Entre quienes menos lo usan se encuentran, por supuesto, nuestros políticos. Es rarísimo ver a alguno de nuestros representantes públicos subido en algún ejemplar de la EMT como no sea para inaugurarlo.
Alguna vez el autor de estas líneas se lo ha planteado a concejales de diferentes partidos y la mayoría ha acabado admitiendo que no es nada práctico para su trajín diario. El excalcalde Pedro Aparicio sí que es un asiduo del autobús pero ya no ocupa un cargo público, así que el ejemplo no vale, aunque como ejemplo se agradezca.
¿Cambiará esta tendencia cuando la mitad de la ciudad esté conectada por metro? Ojalá. Mientras tanto, los malagueños parece que tenemos metido en nuestro ADN la rancia creencia de que el coche particular sigue siendo un signo de prestigio social.
Pasan los años y todavía son muchos los malagueños que directamente se niegan a utilizar el transporte de la plebe, un punto de vista completamente provinciano y trasnochado que ya no se ve en otras grandes ciudades.

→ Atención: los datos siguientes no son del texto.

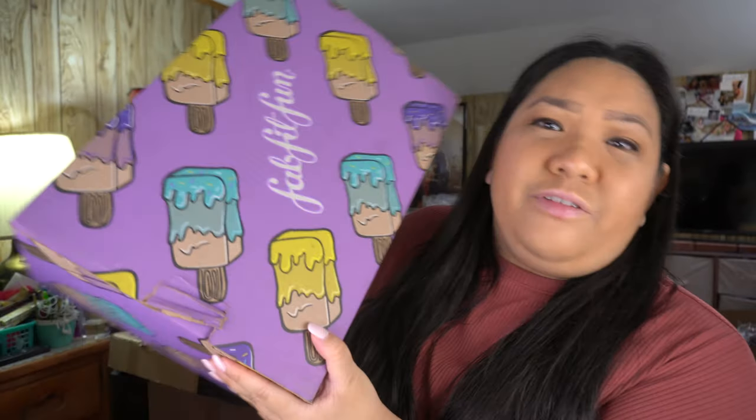If you watched my fall unboxing, I went a little nuts — I feel like fall always has amazing options. But this time I didn't have too many add-ons, so they just sent it in one box. I honestly can't remember which item went into which customization, so I'm just going to open the box — it's basically a compilation of all my customizations and add-ons.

Dando por hecho que la orografía de Málaga es ciertamente puñetera y que uno no puede confiar en el transporte público para acudir al trabajo con puntualidad, por ejemplo en el Centro, si vive en Olías, el Cerrado de Calderón, Campanillas, Soliva y otros muchos barrios, el que sólo un 18% de malagueños se apunte al autobús para ir al trabajo esconde la arraigada concepción cateta del coche como prueba de un estatus socioeconómico.
Esa exhibición social conlleva un derroche energético y unos índices de contaminación absurdos, propiciados por tantos malaguitas que acuden solos en coche al trabajo o que no creen que su persona merezca hacer uso del transporte de masas.
Confiemos en que el metro mejore este desolador panorama. En Madrid, sin ir más lejos –claro que con una red de transporte público muchísimo más tupida– el coche cada vez se ve más como un estorbo. Puede que alguna década próxima Málaga llegue a esa misma percepción y caiga en la cuenta de la utilidad e idoneidad ecológica del transporte público.
Mientras, no vendría mal que nuestros políticos también se desprendieran de su propia percepción del prestigioso cargo que ocupan, dieran más ejemplo y estrenaran un día de estos su inmaculado bonobús. Y por favor, hacerlo solo en campaña electoral no cuela.